DIRECTIONS
Pictures aside, each record should be reproduced exactly.

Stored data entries
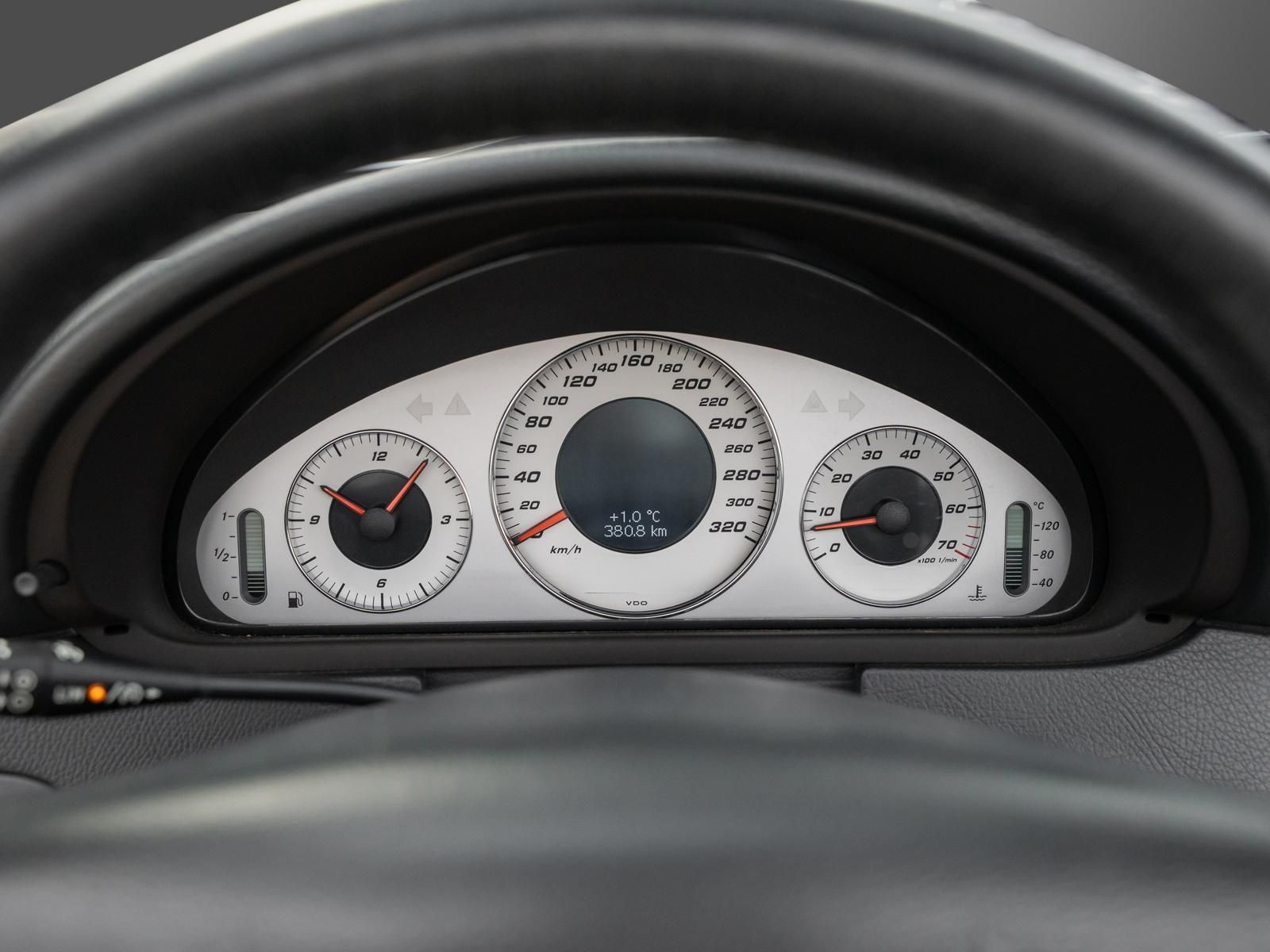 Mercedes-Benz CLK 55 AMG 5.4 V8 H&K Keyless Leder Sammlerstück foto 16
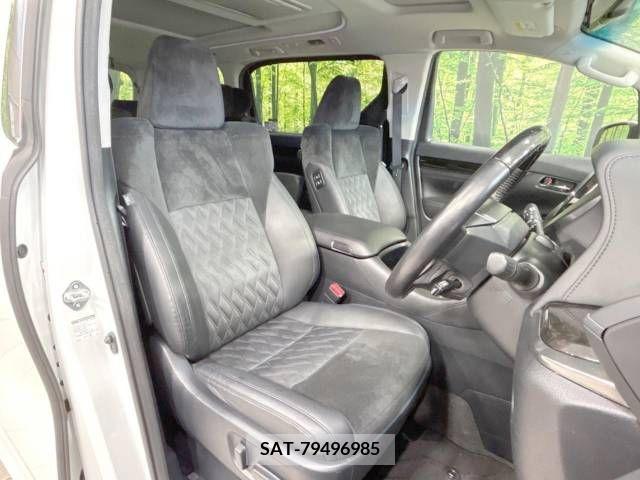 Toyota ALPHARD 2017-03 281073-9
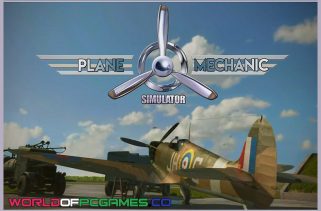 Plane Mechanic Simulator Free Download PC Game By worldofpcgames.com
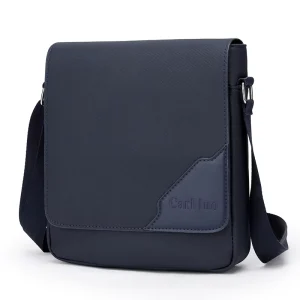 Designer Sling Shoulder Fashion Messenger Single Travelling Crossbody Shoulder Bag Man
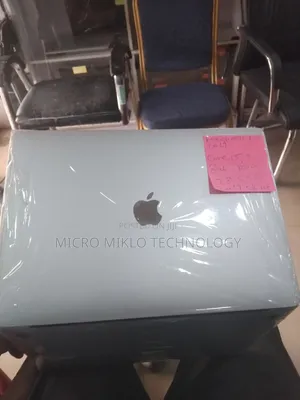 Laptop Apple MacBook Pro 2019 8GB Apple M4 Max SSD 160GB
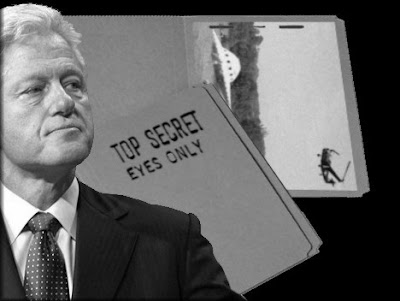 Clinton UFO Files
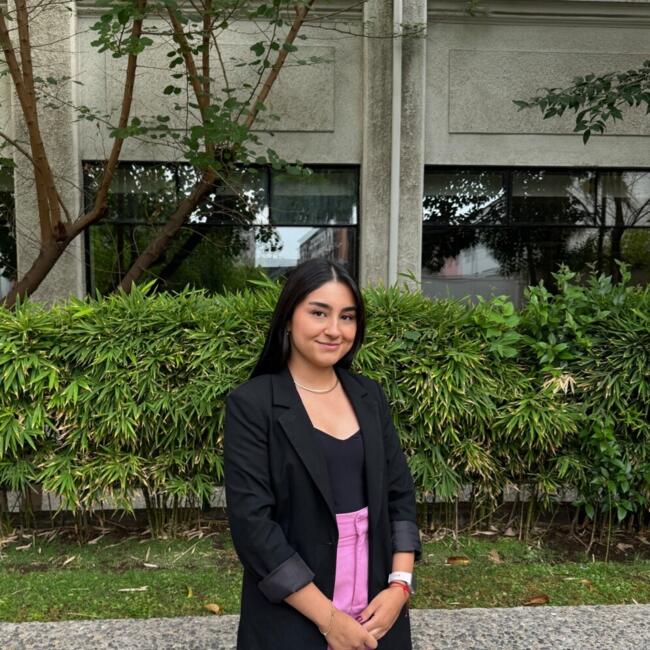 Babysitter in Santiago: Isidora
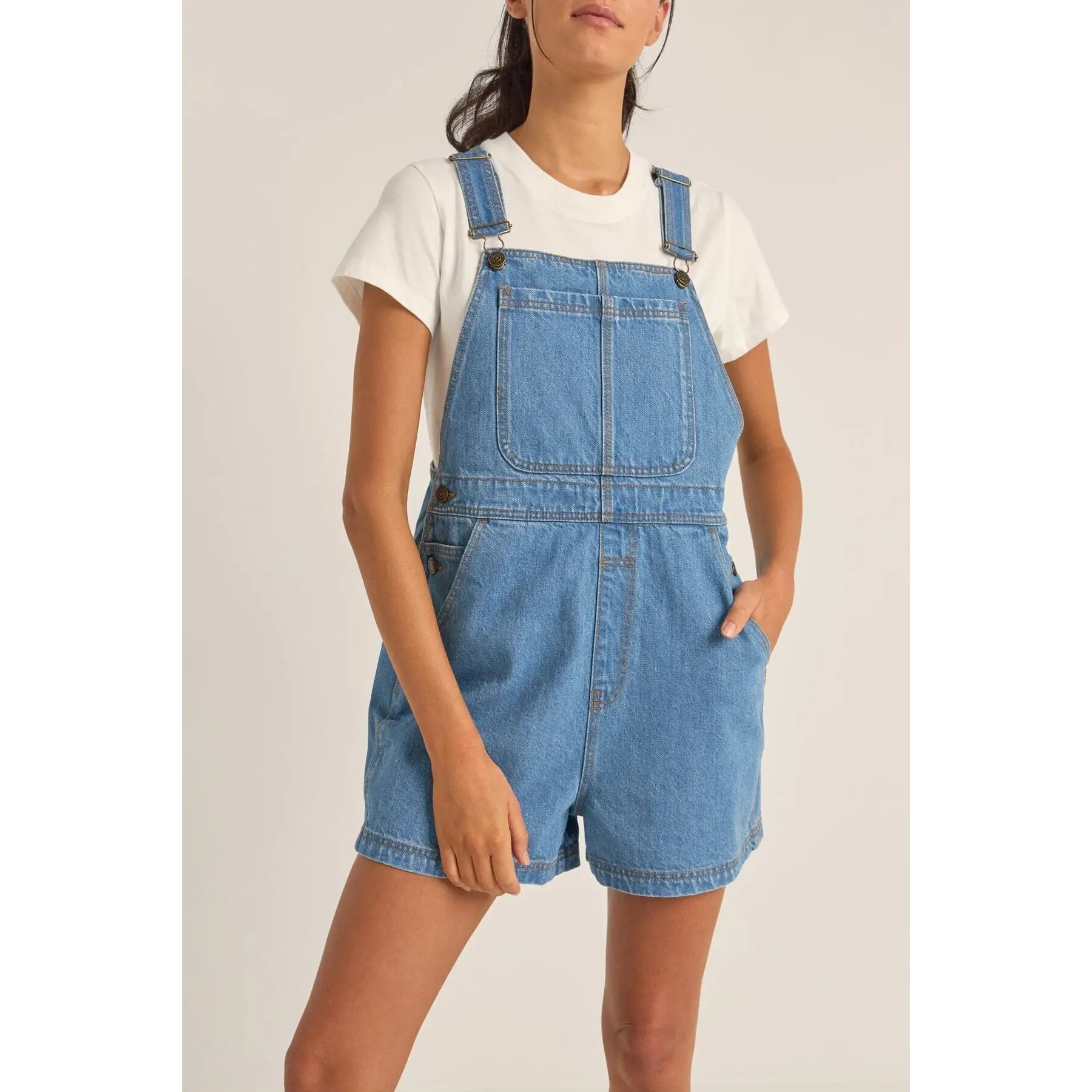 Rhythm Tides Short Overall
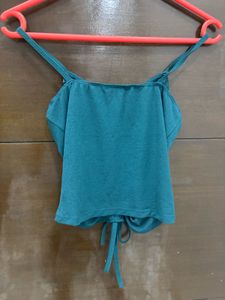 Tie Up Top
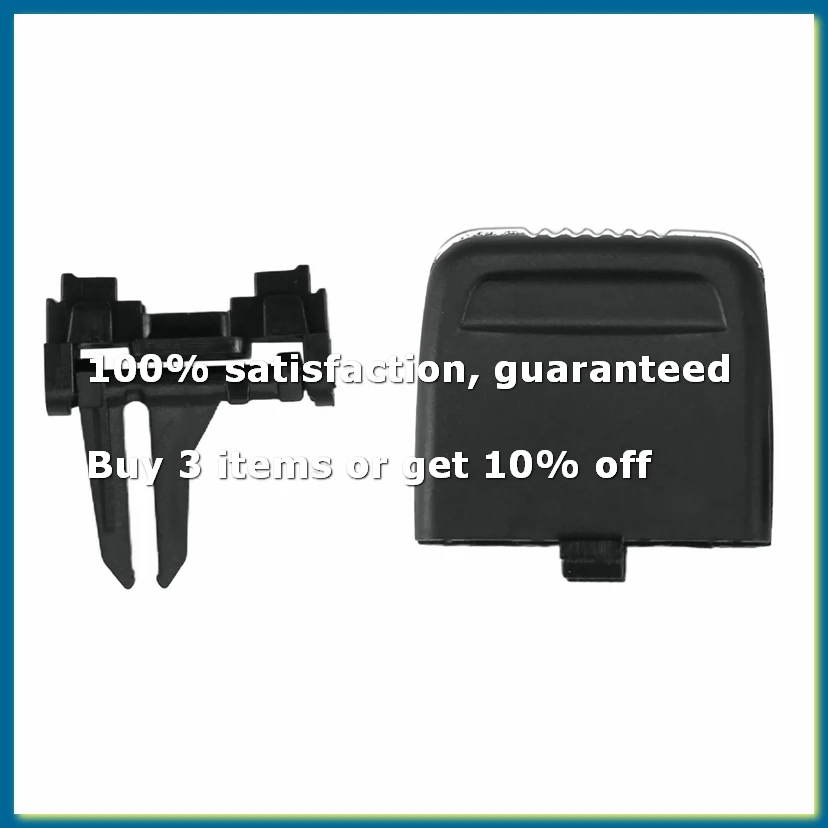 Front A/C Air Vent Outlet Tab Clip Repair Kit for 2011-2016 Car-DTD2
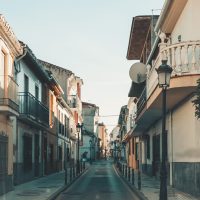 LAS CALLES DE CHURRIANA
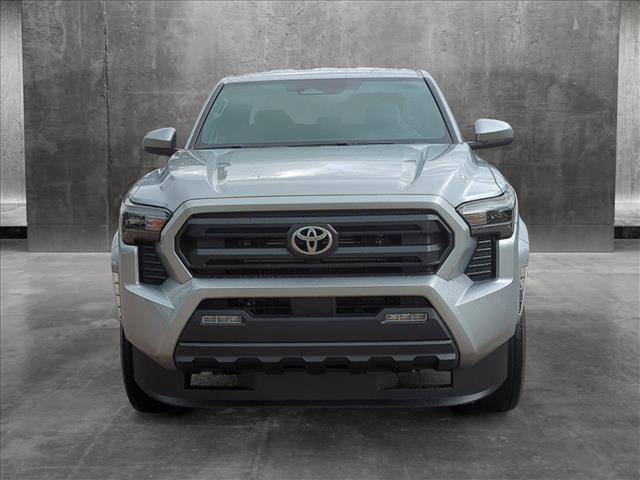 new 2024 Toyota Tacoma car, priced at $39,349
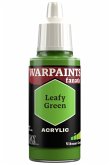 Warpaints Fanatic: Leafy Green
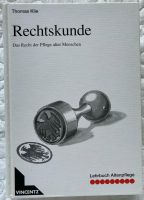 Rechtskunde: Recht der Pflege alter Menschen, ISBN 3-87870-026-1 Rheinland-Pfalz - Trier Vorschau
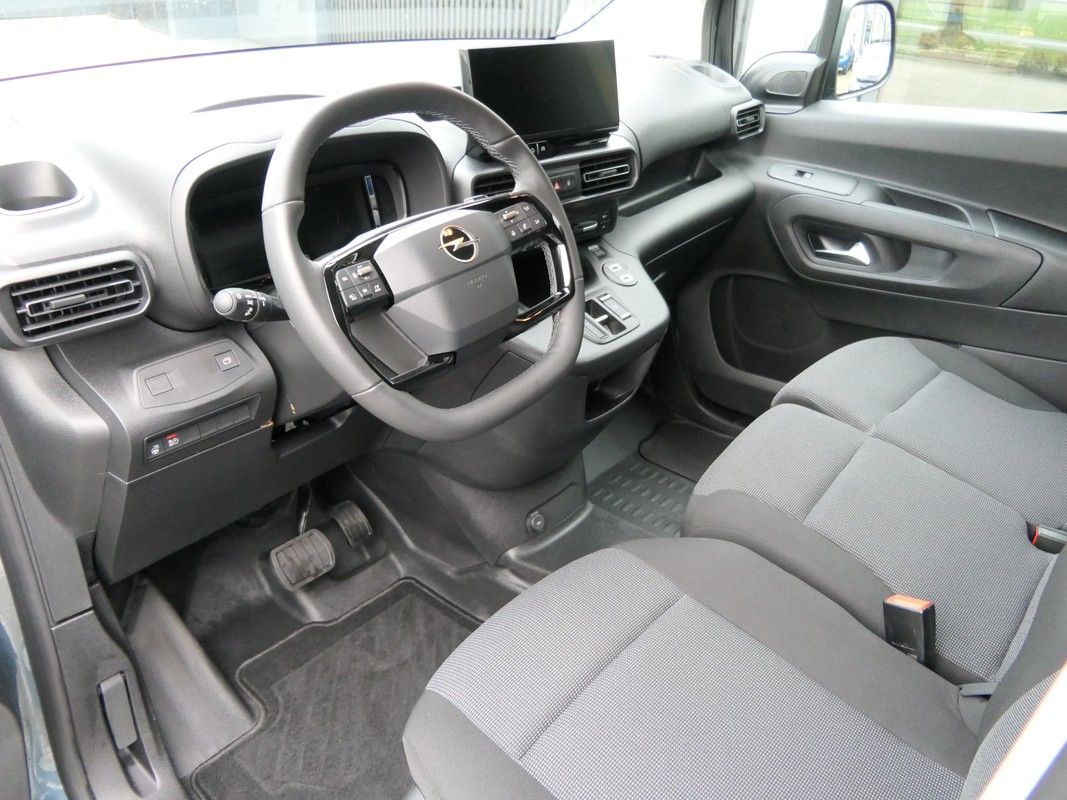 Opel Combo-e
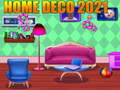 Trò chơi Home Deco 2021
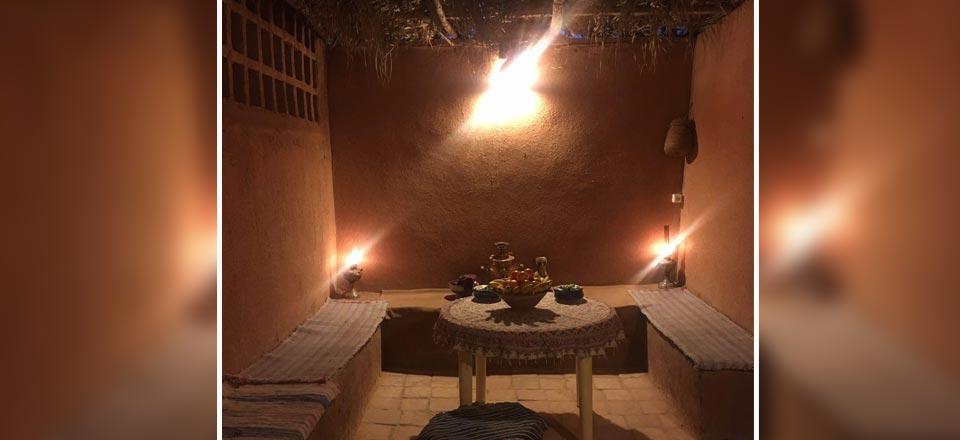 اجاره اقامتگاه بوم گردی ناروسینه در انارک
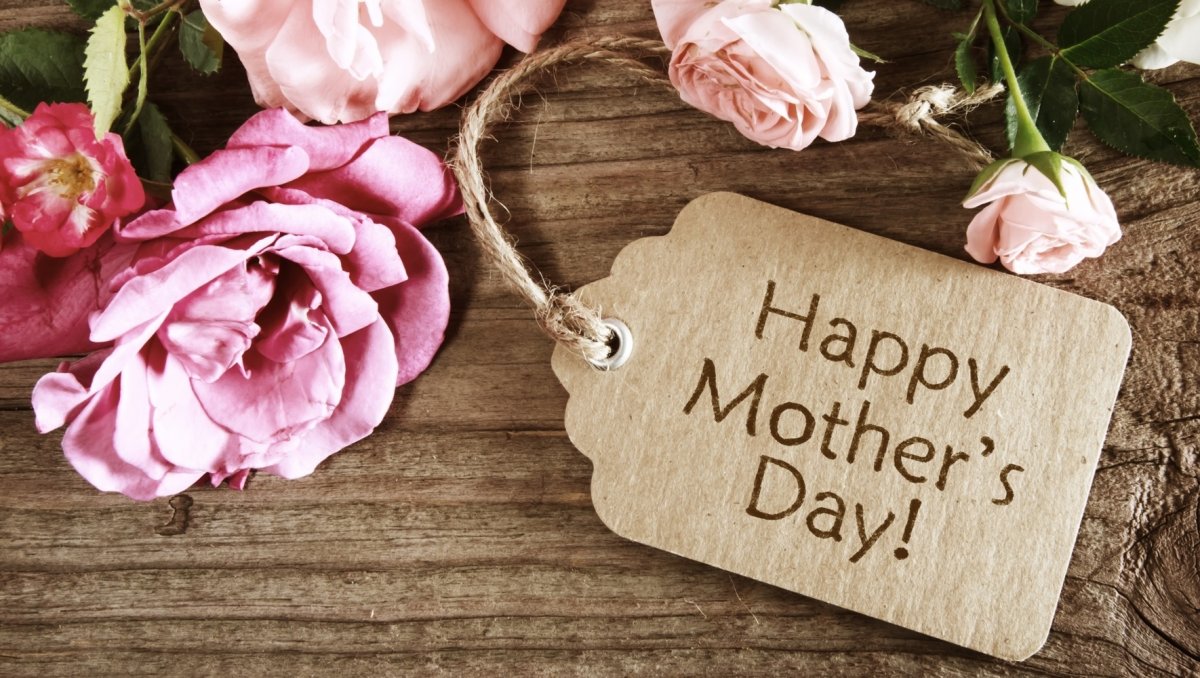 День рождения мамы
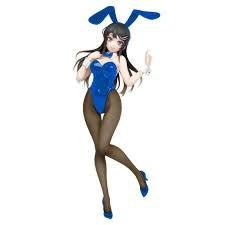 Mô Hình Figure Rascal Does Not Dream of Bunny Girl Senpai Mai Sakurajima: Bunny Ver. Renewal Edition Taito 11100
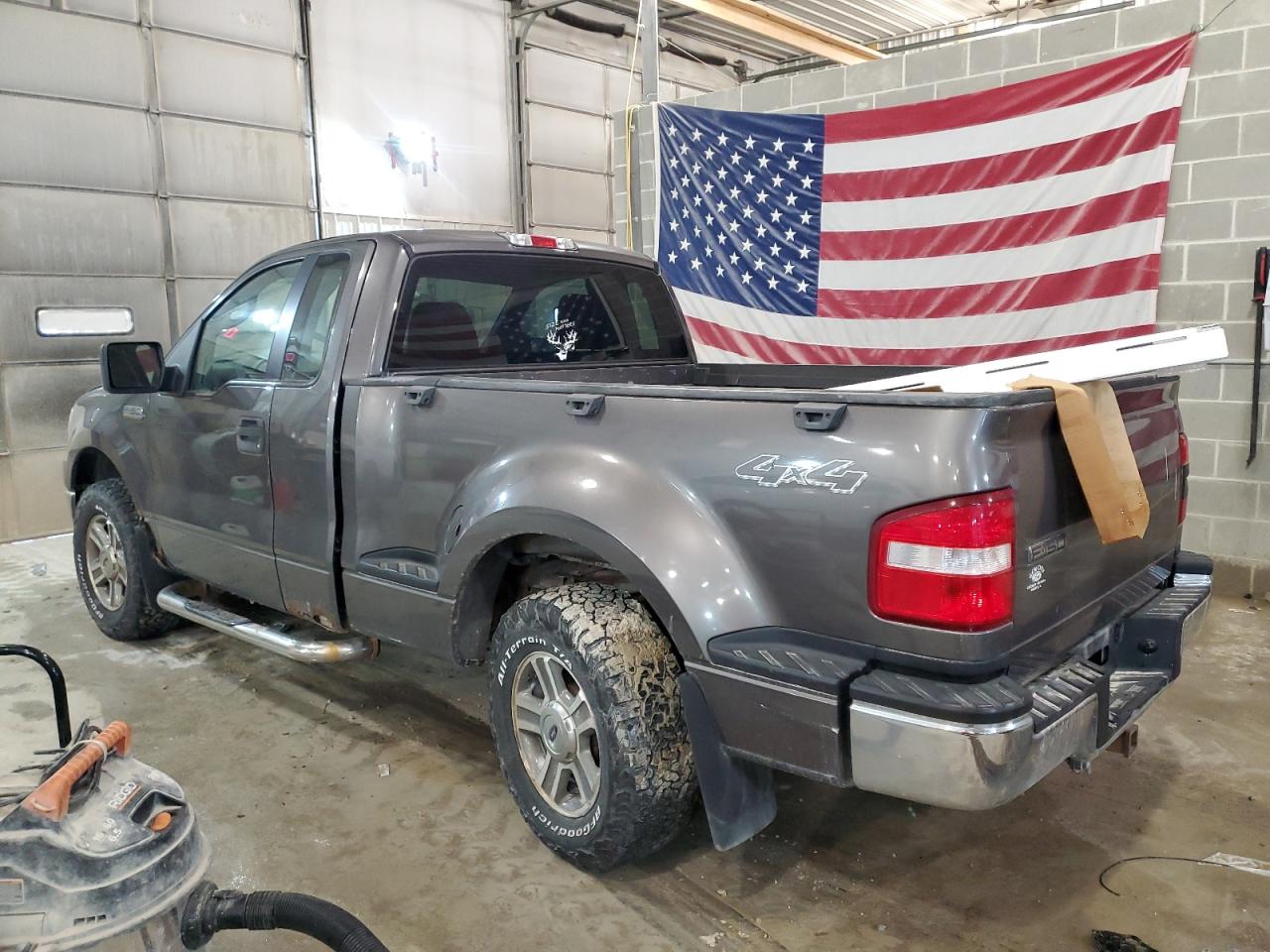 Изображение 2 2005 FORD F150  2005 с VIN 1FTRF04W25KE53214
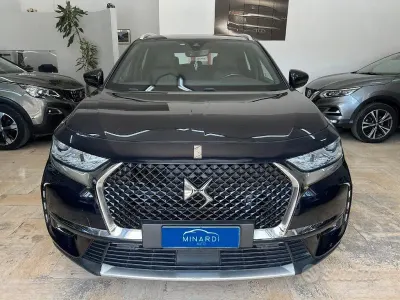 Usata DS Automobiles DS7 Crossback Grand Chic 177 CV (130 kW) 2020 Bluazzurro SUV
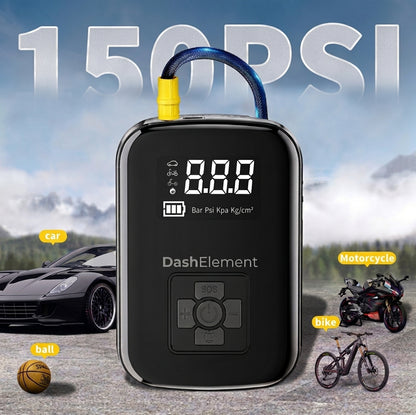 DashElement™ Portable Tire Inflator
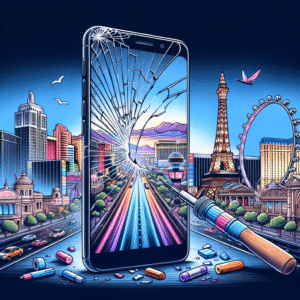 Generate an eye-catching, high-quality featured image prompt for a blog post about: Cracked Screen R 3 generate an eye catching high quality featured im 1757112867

WRITTEN ANSWER
 Mercedes-Benz CLK 55 AMG 5.4 V8 H&K Keyless Leder Sammlerstück foto 16
 Toyota ALPHARD 2017-03 281073-9
 Plane Mechanic Simulator Free Download PC Game By worldofpcgames.com
 Designer Sling Shoulder Fashion Messenger Single Travelling Crossbody Shoulder Bag Man
 Laptop Apple MacBook Pro 2019 8GB Apple M4 Max SSD 160GB
 Clinton UFO Files
 Babysitter in Santiago: Isidora
 Rhythm Tides Short Overall
 Tie Up Top
 Front A/C Air Vent Outlet Tab Clip Repair Kit for 2011-2016 Car-DTD2
 LAS CALLES DE CHURRIANA
 new 2024 Toyota Tacoma car, priced at $39,349
 Warpaints Fanatic: Leafy Green
 Rechtskunde: Recht der Pflege alter Menschen, ISBN 3-87870-026-1 Rheinland-Pfalz - Trier Vorschau
 Opel Combo-e
 Trò chơi Home Deco 2021
 اجاره اقامتگاه بوم گردی ناروسینه در انارک
 День рождения мамы
 Mô Hình Figure Rascal Does Not Dream of Bunny Girl Senpai Mai Sakurajima: Bunny Ver. Renewal Edition Taito 11100
 Изображение 2 2005 FORD F150  2005 с VIN 1FTRF04W25KE53214
 Usata DS Automobiles DS7 Crossback Grand Chic 177 CV (130 kW) 2020 Bluazzurro SUV
 DashElement™ Portable Tire Inflator
 Generate an eye-catching, high-quality featured image prompt for a blog post about: Cracked Screen R 3 generate an eye catching high quality featured im 1757112867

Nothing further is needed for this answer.